AKSHAYAA VAIDYANATHAN picture AKSHAYAA VAIDYANATHAN · Sep 4, 2017 · Viewed 10.1k times · Source

Can somebody tell me what include_top= True means when defining a model in keras?

I read the meaning of this line in Keras Documentation. It says include_top: whether to include the fully-connected layer at the top of the network.

I am still looking for an intuitive explanation for this line of code.

ResNet50(include_top=True)

Thanks!

Answer

Daniel Möller picture Daniel Möller · Sep 4, 2017

Most of these models are a series of convolutional layers followed by one or a few dense (or fully connected) layers.

Include_top lets you select if you want the final dense layers or not.

  • the convolutional layers work as feature extractors.
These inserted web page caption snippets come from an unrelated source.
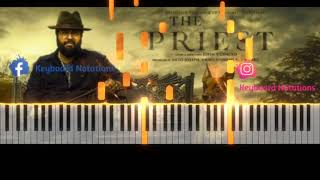 Nazarethin Nattile  Piano Tutorial  Sheet Music  Piano Cover [upl. by Flossie260]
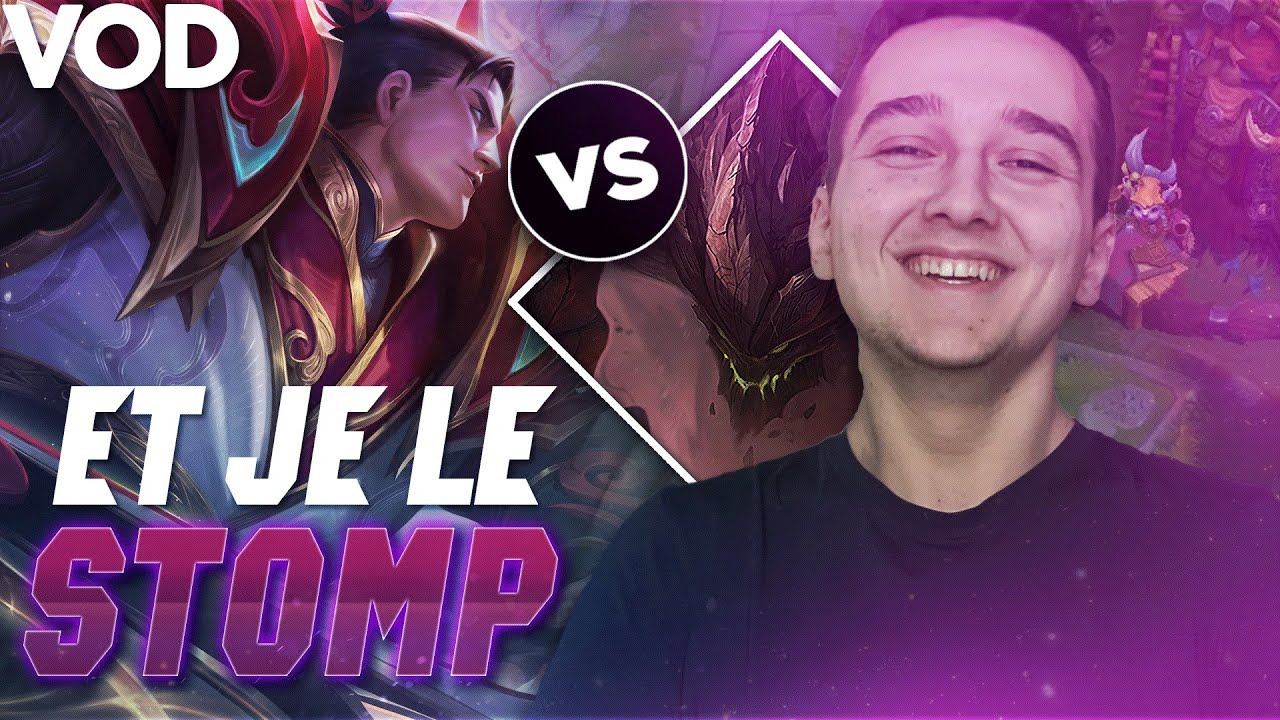 MES ANECDOTES DE PRIMAIRE - SoloQ Challenger Top - Garen vs Malphite - Patch 14.11
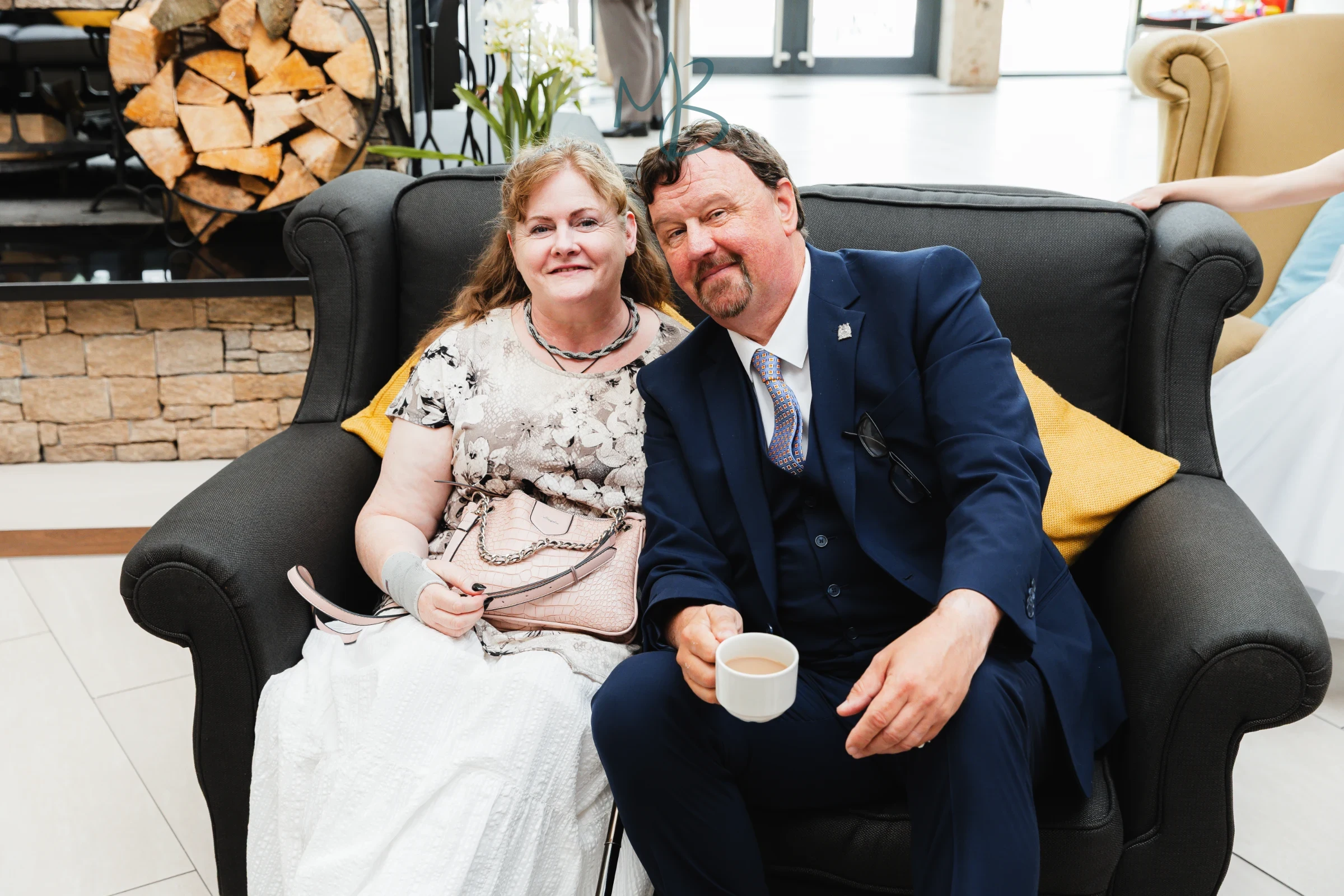 Laurie & Chris, La Mon Hotel, Belfast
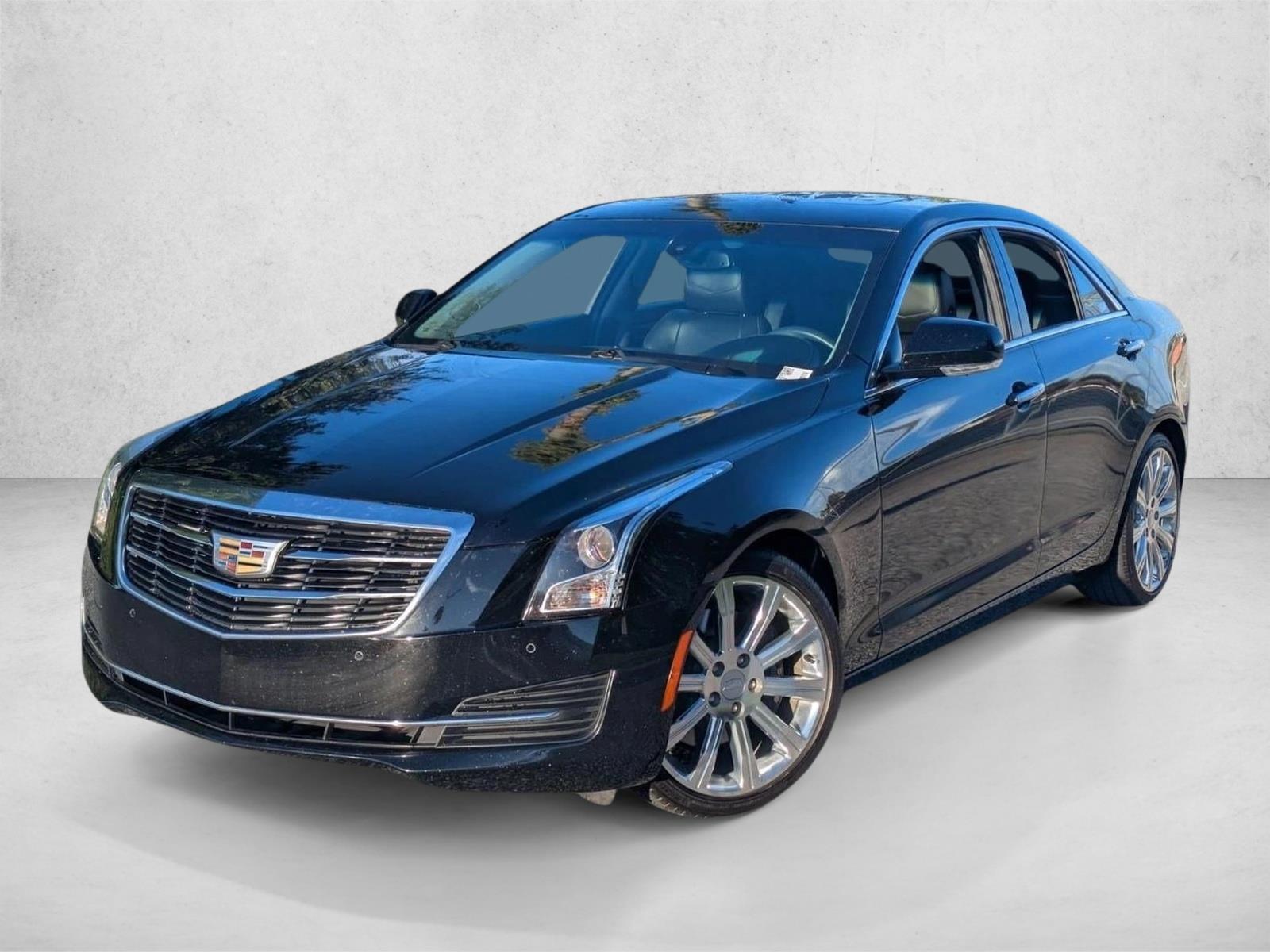 2017 Cadillac ATS Sedan Vehicle Photo in Sarasota, FL 34231
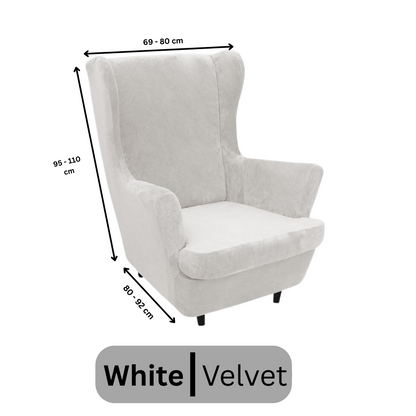 Armchair Cover "Emmett" - Protecta Covers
They identify a series of patterns in the image, and each layer can identify more elaborate patterns by seeing patterns of patterns.

  • the dense layers are capable of interpreting the found patterns in order to classify: this image contains cats, dogs, cars, etc.

About the weights:

  • the weights in a convolutional layer are fixed-size. They are the size of the kernel x filters. Example: a 3x3 kernel of 10 filters. A convolutional layer doesn't care about the size of the input image. It just does the convolutions and present a resulting image based on the size of the input image. (Search for some illustrated tutorials about convolutions if this is unclear)
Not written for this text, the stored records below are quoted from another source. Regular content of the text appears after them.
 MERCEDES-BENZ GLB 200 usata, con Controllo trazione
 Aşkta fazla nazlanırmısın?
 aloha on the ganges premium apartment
  • now the weights in a dense layer are totally dependent on the input size. It's one weight per element of the input. So this demands that your input be always the same size, or else you won't have proper learned weights.

Because of this, removing the final dense layers allows you to define the input size (see in documentation). (And the output size will increase/decrease accordingly).

But you lose the interpretation/classification layers. (You can add your own, depending on your task)


Extra info on Poolings and Flatten

Global poolings:

After the last convolutional layers, your outputs are still like images. They have shape (images, X, Y, channels), where X and Y are spatial dimensions of a 2D image.

When your model has GlobalMaxPooling2D or GlobalAveragePooling2D, it will eliminate the spatial dimensions. With Max it will take only the highest value pixel for each channel. With Average it will take the mean value of each channel. The result will be just (images, channels), without spatial dimensions anymore.

  • Advantage: since the spatial dimension is discarded, you can have variable size images
  • Disadvantage: you loose a lot of data if you still have big sizes. (This might be ok depending on the model and data)

Flatten

With flatten, the spatial dimensions will not be lost, but they will be transformed in features. From (images, X, Y, channels) to (images, X*Y*channels).

This will require fixed input shapes, because X and Y must be defined, and if you add Dense layers after the flatten, the Dense layer will need a fixed number of features.